Creating training and test datasets

We usually split our data into two subsets which are mutually exclusive: a training data set and a test data set.

The training data set is used to train and optimize the model parameters while the test data set is only used to test the resulting model.

Since the test data set is not used to fit the model, the model has no knowledge of the outcome from test data. Hence, the test set can be used to provide an evaluation of the model based on evaluation metrics. This ensures the trained model can generalize well to new data and is not overfitting or underfitting data.

The limitations of a single train-test split: 1. The scores for evaluating the model are highly variable depending on the observations split into the train set and the test set. 2. Reserving much of the data for a single test set reduces the number of observations we can use to train the model.

To go over these limitations we can use the cross validation technique.

Cross Validation Technique

Cross-validation is a model validation technique that involves partitioning a sample of data into subsets.

The analysis is performed on one subset (called the training set), and validated on the other subset (called the validation set or testing set).

To reduce variability, multiple rounds of cross-validation are performed using different partitions. The validation results are combined.

As an example, we can partition a data set into 8 subsets. We can perform a series of train and evaluate cycles where each time we train on 7 of the folds and test on the 8th. We repeat this cycle 8 times, each time using a different fold for evaluation as follows:

source wikipedia

Overfitting and underfitting models

Source: https://www.datarobot.com/

Overfitting

An underfitting model has high training and high testing error while an overfitting model has a low training error but a high testing error.

Overfitting is the term used to indicate that the trained model is too specifically adapted to the training data. An overfitting model describes the random error in the data rather than the relationships between variables. This problem occurs when the model is too complex. An overfitting model has high variance and low bias. Variance refers to how much the model is dependent on the training data.

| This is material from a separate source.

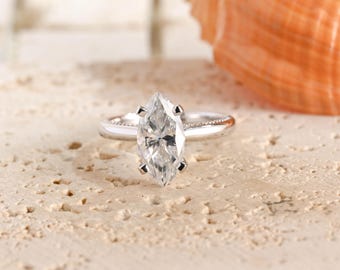 May include: A silver-toned ring featuring a central marquise-cut clear gemstone held by four prongs. The band has a smooth, polished finish with subtle beaded detailing along the shoulders, creating a refined and classic appearance for the jewelry.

An overfitting model can map the training data very accurately, but it is unable to produce generalized results with untrained data such as data from the test set. The test data set is important to highlight such issues.

Overfitting can happen when the training set is relatively small and the resulting model is too complex: Too many features/independant variables are used to train the model compared to the number of observations.

In this case, the variance describes the error that occurs because of the variability of the model’s predicted values.

Underfitting

Underfitting as opposed to overfitting is the term used when the model is too simple and misses the trend of the training data. Neither an overfitting model nor an underfitting model can be generalized to new data.

Underfitting usually occurs when not enough features/independent variables are used to train the model or the regression algorithm is not complex enough to fit the data. As an example, it can happen when a linear regression model is trained to fit non linear data.

In an underfitting model, we talk about the bias to describe the error that occurs because of bad assumptions from the learning algorithm. An underfitting model has low variance and high bias.

As an example, assuming that only one feature, e.g., the car’s weight, relates to a car’s fuel efficiency fits an underfitting regression model. The error rate will be high since a car’s fuel efficiency is affected by many other factors besides just its weight.